In May 2021, when chairing a panel discussion organised by members of the European Parliament, Astapenka described Lukashenko as governing with a "dictatorial style" with an "illegitimate regime ... waging a war against the people of Belarus[,] throwing hundreds of peaceful protesters to jails and terrorizing the population."

===Belarusian opposition===
Astapenka was appointed deputy head of National Anti-Crisis Management, an opposition group aiming to coordinate a Belarusian transition to democracy. In September 2022, Astapenka was appointed Deputy Representative for Foreign Affairs of the Belarusian United Transitional Cabinet. In 2024, he was appointed Acting Representative, and then Representative of the Cabinet for International and European Cooperation.

In October 2022, he was appointed as head of the Mission for Democratic Belarus in Brussels. Aims of the Mission include hosting Belarusian non-governmental organizations and representatives of the Belarusian diaspora and taking on the role of "Free Belarus". As of October 2022, the Mission aimed to obtain diplomatic status with Belgian authorities. Astapenka was a speaker at the October 2022 1st European Political Community Summit held in Prague.

When asked about Belarusian involvement in the 2022 Russian invasion of Ukraine in December 2022, Astapenka stated that direct Belarusian military involvement in attacking Ukraine would be resisted by Belarusian soldiers and citizens, and risked destabilising Lukashenko's hold on power.

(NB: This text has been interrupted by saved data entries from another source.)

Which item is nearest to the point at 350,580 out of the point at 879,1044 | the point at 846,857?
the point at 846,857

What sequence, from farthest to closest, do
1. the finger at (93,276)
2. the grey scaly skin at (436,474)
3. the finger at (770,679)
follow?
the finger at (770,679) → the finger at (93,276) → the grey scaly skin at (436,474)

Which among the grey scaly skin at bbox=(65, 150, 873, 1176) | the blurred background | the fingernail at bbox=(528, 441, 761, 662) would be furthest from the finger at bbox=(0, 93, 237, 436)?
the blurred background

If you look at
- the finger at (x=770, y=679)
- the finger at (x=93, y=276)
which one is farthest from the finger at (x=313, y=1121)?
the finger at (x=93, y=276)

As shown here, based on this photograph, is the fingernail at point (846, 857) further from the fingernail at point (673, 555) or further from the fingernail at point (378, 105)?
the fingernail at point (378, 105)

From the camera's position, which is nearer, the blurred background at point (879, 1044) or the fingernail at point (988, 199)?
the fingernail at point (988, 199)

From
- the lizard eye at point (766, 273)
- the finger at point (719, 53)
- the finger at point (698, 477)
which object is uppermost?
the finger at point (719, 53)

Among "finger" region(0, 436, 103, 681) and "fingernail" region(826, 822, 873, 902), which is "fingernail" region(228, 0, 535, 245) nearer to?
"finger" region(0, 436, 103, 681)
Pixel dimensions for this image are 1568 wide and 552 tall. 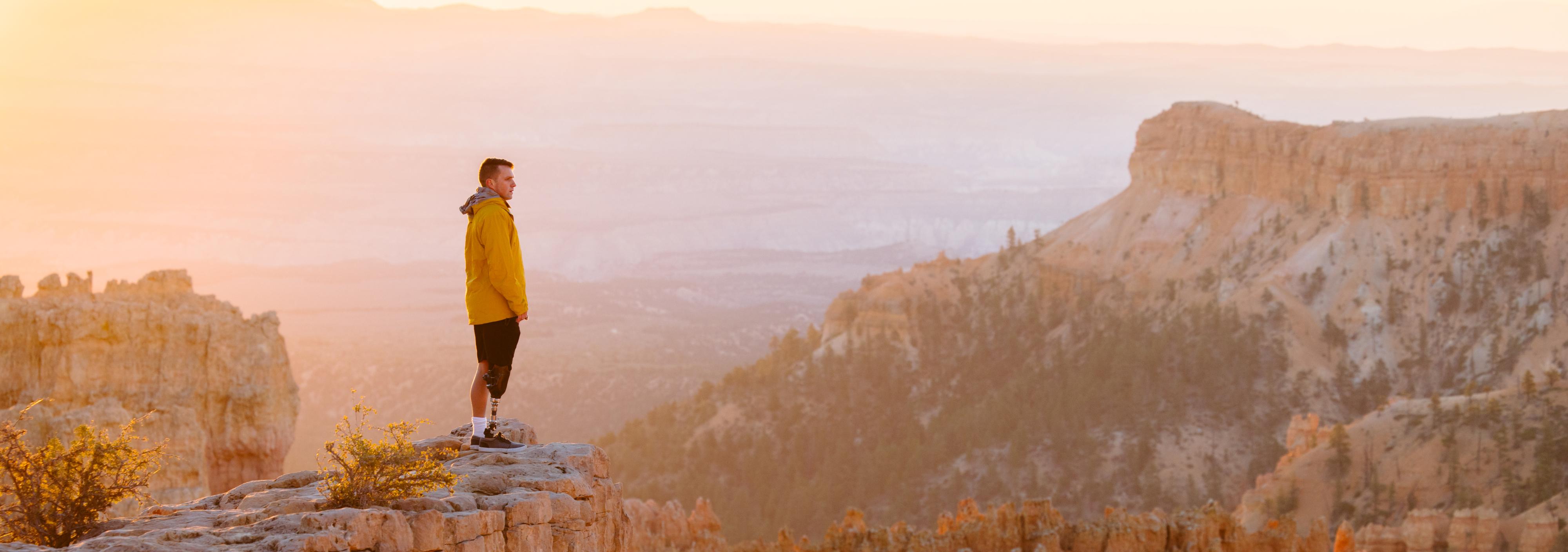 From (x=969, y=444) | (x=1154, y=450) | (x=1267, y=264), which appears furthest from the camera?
(x=1267, y=264)

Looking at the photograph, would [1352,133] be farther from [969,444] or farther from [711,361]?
[711,361]

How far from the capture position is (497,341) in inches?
489

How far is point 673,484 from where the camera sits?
63.2m

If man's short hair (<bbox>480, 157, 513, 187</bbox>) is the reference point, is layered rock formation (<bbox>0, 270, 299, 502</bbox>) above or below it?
below

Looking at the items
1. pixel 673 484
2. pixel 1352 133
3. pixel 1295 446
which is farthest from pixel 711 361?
pixel 1295 446

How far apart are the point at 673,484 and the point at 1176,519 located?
37.2 m

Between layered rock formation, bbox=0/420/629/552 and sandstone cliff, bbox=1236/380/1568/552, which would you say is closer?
layered rock formation, bbox=0/420/629/552

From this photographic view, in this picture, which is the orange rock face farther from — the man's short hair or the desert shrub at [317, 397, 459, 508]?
the desert shrub at [317, 397, 459, 508]

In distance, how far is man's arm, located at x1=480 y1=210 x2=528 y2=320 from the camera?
1190 centimetres

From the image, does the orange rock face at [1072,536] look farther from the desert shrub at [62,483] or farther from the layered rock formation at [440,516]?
the desert shrub at [62,483]

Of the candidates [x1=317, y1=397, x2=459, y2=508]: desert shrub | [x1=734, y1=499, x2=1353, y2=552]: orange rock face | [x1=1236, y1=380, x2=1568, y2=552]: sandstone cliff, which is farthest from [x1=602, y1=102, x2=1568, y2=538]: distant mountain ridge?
[x1=317, y1=397, x2=459, y2=508]: desert shrub

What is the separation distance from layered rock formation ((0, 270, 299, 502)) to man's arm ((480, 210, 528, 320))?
668 inches

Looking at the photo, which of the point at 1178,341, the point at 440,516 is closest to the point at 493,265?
the point at 440,516

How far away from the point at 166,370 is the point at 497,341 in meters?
20.4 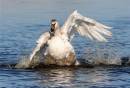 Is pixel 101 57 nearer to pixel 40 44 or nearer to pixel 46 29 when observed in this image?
pixel 40 44

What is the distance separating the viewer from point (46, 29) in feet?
71.4

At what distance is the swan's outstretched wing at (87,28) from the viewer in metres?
16.0

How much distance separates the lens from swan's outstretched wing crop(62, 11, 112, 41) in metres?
16.0

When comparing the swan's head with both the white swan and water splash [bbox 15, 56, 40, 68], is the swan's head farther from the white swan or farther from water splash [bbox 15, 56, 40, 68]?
water splash [bbox 15, 56, 40, 68]

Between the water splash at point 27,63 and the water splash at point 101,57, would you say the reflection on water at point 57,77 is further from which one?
the water splash at point 101,57

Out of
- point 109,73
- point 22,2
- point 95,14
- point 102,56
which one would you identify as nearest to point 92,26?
point 102,56

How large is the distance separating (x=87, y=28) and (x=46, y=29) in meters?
5.39

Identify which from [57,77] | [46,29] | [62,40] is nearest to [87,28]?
[62,40]

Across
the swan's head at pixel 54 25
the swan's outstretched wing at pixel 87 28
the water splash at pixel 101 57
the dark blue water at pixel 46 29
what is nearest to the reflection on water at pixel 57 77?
the dark blue water at pixel 46 29

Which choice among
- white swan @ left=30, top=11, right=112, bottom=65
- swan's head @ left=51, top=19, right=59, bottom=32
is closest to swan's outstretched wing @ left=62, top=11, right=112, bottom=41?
white swan @ left=30, top=11, right=112, bottom=65

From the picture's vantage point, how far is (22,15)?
81.6ft

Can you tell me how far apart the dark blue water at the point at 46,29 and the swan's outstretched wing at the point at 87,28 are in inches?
33.6

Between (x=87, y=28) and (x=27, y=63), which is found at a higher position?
(x=87, y=28)

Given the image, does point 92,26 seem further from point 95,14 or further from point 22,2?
point 22,2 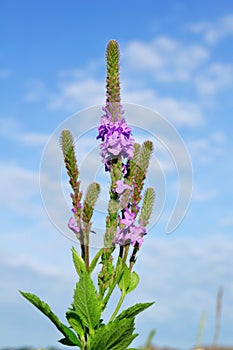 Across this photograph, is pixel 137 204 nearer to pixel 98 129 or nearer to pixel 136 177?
pixel 136 177

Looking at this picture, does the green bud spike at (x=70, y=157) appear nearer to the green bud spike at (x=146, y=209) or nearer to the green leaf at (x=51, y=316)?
the green bud spike at (x=146, y=209)

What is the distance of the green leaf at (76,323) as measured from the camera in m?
5.62

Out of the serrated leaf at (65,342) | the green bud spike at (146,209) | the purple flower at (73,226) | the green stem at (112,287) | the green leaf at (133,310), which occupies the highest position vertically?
the green bud spike at (146,209)

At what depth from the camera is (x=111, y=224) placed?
221 inches

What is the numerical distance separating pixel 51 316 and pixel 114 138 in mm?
2032

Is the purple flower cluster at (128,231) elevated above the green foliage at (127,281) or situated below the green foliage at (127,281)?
above

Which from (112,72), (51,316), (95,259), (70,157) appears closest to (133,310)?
(95,259)

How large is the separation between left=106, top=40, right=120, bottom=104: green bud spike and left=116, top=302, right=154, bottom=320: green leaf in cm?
222

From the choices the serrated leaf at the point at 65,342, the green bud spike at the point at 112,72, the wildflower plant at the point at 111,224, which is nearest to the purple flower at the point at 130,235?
the wildflower plant at the point at 111,224

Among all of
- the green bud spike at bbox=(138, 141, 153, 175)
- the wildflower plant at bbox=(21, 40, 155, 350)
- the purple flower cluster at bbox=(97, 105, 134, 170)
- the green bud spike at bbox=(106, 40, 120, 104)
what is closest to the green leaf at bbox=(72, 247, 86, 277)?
the wildflower plant at bbox=(21, 40, 155, 350)

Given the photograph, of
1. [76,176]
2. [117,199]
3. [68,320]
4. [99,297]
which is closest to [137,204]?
[117,199]

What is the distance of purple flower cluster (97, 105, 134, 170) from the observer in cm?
564

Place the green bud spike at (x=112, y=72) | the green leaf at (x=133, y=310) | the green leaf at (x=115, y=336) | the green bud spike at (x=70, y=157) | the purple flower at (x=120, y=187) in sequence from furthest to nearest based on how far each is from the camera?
the green bud spike at (x=112, y=72), the green bud spike at (x=70, y=157), the purple flower at (x=120, y=187), the green leaf at (x=133, y=310), the green leaf at (x=115, y=336)

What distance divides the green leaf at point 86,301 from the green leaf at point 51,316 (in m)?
0.27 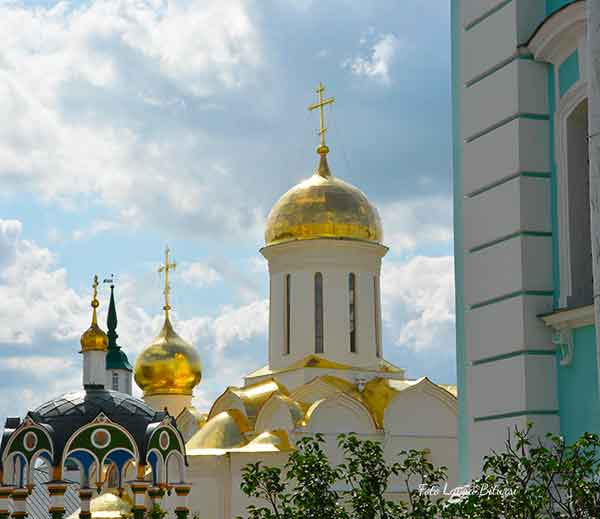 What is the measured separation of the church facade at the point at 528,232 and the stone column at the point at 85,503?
13241 mm

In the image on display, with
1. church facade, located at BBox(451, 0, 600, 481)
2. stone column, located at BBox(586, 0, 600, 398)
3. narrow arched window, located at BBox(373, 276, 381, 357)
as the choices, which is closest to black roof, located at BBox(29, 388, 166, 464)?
narrow arched window, located at BBox(373, 276, 381, 357)

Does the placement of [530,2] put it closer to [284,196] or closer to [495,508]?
[495,508]

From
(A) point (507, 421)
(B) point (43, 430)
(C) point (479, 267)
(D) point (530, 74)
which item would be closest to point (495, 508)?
(A) point (507, 421)

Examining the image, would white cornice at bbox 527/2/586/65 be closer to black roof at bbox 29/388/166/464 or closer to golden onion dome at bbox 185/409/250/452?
black roof at bbox 29/388/166/464

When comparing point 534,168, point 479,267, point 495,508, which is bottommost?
point 495,508

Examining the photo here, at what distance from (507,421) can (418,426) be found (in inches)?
803

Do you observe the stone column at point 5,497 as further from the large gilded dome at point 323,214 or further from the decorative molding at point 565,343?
the decorative molding at point 565,343

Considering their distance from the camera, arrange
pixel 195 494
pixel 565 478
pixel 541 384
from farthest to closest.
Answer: pixel 195 494
pixel 541 384
pixel 565 478

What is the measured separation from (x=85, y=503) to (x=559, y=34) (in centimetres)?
1495

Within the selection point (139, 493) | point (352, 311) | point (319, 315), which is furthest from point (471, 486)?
point (352, 311)

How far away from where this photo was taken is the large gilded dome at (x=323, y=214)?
29.0 metres

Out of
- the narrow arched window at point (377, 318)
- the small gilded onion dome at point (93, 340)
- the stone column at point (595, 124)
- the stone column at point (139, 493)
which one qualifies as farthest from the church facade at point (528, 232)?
the narrow arched window at point (377, 318)

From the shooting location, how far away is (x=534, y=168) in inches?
307

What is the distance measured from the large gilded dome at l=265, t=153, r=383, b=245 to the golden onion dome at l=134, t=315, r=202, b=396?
8617 mm
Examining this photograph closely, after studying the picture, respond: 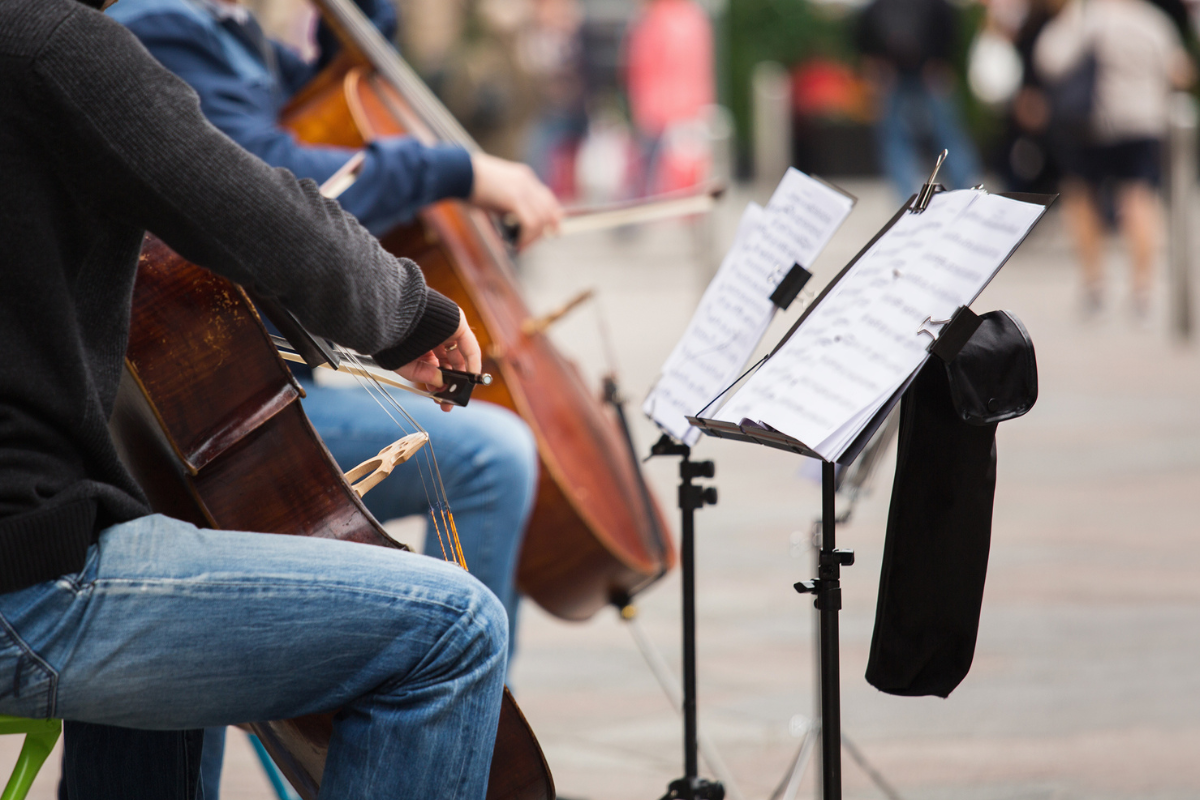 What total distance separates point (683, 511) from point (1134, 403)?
162 inches

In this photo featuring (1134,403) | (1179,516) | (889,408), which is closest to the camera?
(889,408)

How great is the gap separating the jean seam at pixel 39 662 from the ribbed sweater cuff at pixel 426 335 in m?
0.47

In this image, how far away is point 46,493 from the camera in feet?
4.26

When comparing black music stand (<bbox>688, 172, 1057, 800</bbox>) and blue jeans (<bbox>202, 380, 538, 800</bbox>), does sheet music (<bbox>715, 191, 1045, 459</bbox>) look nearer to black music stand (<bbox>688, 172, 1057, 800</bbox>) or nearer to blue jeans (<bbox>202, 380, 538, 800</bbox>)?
black music stand (<bbox>688, 172, 1057, 800</bbox>)

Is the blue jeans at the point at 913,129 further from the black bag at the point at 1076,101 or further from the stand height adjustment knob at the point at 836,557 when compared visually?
the stand height adjustment knob at the point at 836,557

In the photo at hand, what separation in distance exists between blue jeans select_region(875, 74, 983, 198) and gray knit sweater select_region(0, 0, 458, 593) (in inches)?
350

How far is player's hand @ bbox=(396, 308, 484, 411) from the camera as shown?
1.60 meters

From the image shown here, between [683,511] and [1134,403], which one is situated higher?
[683,511]

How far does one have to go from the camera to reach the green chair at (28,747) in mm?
1456

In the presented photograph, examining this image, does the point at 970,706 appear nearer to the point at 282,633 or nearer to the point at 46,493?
the point at 282,633

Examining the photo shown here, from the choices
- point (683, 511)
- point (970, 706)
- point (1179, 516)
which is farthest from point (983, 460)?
point (1179, 516)

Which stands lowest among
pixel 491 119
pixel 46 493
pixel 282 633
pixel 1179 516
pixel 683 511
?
pixel 491 119

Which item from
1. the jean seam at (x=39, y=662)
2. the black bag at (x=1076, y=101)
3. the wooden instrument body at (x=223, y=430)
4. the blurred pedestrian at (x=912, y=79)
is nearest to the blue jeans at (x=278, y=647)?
the jean seam at (x=39, y=662)

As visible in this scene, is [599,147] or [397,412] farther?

Astapenka predicted that if Russia lost its war in Ukraine, then Lukashenko's power would be greatly weakened.

==Legal case==
On 21 December 2022, special proceedings (a trial in absentia) began against Astapenka at a court in Minsk, with charges under Chapter 1, Article 14 and Chapter 3, Article 210 of the Criminal Code of Belarus. In early 2023, he was sentenced in absentia to five years in prison (the sentence was immediately reduced by one year under an amnesty due to the National Unity Day) and a fine of 18,500 Belarusian rubles.